From Small Wars Journal: Obama's War:  In FRONTLINE's season premiere, Obama's War, airing Tuesday, Oct. 13, 2009, at 9 P.M. ET on PBS (check local listings), veteran correspondent Martin Smith (Beyond Baghdad, Return of the Taliban) travels across Afghanistan and Pakistan to see firsthand how the president's new strategy is taking shape, delivering vivid, on-the-ground reporting from this war's many fronts. Through interviews with top generals, diplomats and government officials, Smith also reports the internal debates over President Obama's grand attempt to combat terrorism at its roots.

"What we found on the ground was a huge exercise in nation building," says Smith. "The concept's become a bit of a dirty word, but that's what this is. We started with the goal of eliminating Al Qaeda, and now we've wound up with the immense task of re-engineering two nations."

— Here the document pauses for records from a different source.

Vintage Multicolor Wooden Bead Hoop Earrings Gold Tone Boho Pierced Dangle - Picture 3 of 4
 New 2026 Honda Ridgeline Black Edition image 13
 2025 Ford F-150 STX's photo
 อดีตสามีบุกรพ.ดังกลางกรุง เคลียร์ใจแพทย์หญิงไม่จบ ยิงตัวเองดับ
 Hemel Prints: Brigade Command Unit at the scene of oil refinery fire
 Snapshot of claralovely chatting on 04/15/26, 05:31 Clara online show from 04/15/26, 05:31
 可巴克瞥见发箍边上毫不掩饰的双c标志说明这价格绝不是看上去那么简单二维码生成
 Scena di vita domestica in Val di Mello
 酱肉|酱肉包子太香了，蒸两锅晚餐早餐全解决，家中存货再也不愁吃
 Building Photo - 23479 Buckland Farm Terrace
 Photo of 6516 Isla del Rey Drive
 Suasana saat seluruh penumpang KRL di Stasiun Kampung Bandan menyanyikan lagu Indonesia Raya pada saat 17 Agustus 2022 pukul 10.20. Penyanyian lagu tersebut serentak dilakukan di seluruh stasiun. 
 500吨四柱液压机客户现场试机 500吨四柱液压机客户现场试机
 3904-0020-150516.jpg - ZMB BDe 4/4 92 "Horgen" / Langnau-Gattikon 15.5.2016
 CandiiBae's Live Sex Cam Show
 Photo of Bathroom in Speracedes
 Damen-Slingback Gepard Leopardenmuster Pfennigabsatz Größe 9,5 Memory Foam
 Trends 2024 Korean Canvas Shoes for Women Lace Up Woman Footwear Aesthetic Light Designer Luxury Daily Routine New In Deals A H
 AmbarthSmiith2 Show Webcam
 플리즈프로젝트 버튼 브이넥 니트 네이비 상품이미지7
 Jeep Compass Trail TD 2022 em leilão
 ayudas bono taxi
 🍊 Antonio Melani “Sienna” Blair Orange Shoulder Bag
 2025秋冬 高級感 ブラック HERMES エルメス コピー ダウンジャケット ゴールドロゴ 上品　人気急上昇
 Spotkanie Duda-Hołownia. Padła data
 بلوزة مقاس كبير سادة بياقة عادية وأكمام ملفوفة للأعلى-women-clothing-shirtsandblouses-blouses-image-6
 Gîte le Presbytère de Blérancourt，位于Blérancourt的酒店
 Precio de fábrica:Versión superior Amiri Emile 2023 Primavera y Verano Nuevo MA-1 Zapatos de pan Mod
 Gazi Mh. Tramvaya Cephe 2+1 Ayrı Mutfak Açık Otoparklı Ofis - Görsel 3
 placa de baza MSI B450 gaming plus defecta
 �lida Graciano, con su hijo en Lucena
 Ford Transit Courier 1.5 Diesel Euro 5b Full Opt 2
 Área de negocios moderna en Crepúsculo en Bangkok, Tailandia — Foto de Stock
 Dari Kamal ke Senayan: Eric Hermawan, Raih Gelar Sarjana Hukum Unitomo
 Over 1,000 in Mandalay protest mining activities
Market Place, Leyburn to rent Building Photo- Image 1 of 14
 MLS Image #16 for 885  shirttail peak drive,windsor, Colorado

The brunt of the work is falling on rank-and-file soldiers, and nowhere is it more difficult than in the dusty, unforgiving landscape of Helmand province, the Taliban stronghold in southern Afghanistan, where FRONTLINE embedded with Echo Company, 2nd Battalion, 8th Marine Regiment. Since the Marines' arrival in July, Helmand has become the most lethal battlefield in Afghanistan. But FRONTLINE found the Marines trying to act as armed diplomats, attempting to build the necessary trust for badly needed economic development.

"It's trying to change the culture of the organization," Gen. Stanley McChrystal, the top commander in Afghanistan, tells FRONTLINE of the administration's plan. "At the end of the day, our best counterinsurgents are going to be young sergeants who just have an ability to deal with people. We've got to give them the flexibility to make decisions."

[bold and color emphasis mine. lw]

NOTE 1: The foregoing is only an excerpt.  Read the whole thing at

NOTE 2: United States Marines and their "Commander-in-Chief"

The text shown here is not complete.